Problem ->
Look through the listing below and report every line that contains "Opel".

─── Task material

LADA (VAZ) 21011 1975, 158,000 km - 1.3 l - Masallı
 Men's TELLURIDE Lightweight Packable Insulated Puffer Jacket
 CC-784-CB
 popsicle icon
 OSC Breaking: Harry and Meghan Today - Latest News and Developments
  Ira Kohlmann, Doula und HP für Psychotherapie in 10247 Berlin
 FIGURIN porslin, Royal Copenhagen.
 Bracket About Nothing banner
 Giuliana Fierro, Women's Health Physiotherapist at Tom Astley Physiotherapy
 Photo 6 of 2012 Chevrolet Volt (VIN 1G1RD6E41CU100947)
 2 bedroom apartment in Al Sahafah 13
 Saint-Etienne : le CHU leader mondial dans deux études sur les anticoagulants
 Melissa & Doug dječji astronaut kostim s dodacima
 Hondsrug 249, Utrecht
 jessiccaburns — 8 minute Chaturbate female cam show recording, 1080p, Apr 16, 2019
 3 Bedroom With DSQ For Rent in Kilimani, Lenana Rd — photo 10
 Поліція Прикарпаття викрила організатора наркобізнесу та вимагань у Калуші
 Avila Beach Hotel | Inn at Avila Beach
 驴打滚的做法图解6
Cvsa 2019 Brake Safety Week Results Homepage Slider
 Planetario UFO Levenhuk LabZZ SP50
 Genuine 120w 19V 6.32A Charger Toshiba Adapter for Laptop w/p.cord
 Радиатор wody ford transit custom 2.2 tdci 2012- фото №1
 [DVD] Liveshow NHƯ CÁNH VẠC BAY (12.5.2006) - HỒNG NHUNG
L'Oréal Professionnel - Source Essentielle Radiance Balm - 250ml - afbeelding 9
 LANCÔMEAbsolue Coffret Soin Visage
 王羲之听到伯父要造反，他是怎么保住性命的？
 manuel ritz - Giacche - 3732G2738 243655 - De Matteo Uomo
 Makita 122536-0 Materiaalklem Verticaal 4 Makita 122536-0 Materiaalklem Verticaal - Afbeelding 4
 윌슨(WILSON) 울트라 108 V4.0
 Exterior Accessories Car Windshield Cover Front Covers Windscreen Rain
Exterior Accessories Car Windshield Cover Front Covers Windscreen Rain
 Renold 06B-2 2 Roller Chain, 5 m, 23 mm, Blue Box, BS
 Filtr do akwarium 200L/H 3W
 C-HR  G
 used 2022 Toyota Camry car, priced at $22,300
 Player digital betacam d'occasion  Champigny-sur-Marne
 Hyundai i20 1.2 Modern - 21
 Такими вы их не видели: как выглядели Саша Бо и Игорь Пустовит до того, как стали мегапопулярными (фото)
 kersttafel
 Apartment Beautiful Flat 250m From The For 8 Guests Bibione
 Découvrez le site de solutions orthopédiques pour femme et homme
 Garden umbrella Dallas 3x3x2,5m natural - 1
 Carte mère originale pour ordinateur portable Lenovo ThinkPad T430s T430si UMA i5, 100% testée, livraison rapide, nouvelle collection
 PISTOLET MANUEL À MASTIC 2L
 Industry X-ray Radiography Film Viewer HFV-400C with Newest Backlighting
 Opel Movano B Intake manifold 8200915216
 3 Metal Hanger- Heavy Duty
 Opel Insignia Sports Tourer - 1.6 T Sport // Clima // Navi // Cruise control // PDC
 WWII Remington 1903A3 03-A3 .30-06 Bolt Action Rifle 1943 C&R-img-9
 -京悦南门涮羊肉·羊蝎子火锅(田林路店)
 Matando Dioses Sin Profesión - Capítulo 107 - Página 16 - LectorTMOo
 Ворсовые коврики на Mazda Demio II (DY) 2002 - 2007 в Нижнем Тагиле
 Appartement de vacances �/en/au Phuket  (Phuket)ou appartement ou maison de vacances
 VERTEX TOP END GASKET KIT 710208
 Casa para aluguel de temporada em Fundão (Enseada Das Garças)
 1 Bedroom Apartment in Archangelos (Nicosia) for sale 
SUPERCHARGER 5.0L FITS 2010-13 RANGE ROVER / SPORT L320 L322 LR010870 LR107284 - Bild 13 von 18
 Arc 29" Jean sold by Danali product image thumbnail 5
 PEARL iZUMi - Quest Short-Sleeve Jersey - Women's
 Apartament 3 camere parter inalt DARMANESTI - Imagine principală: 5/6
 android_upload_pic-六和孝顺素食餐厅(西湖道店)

──────

Answer box ->
 Opel Movano B Intake manifold 8200915216
 Opel Insignia Sports Tourer - 1.6 T Sport // Clima // Navi // Cruise control // PDC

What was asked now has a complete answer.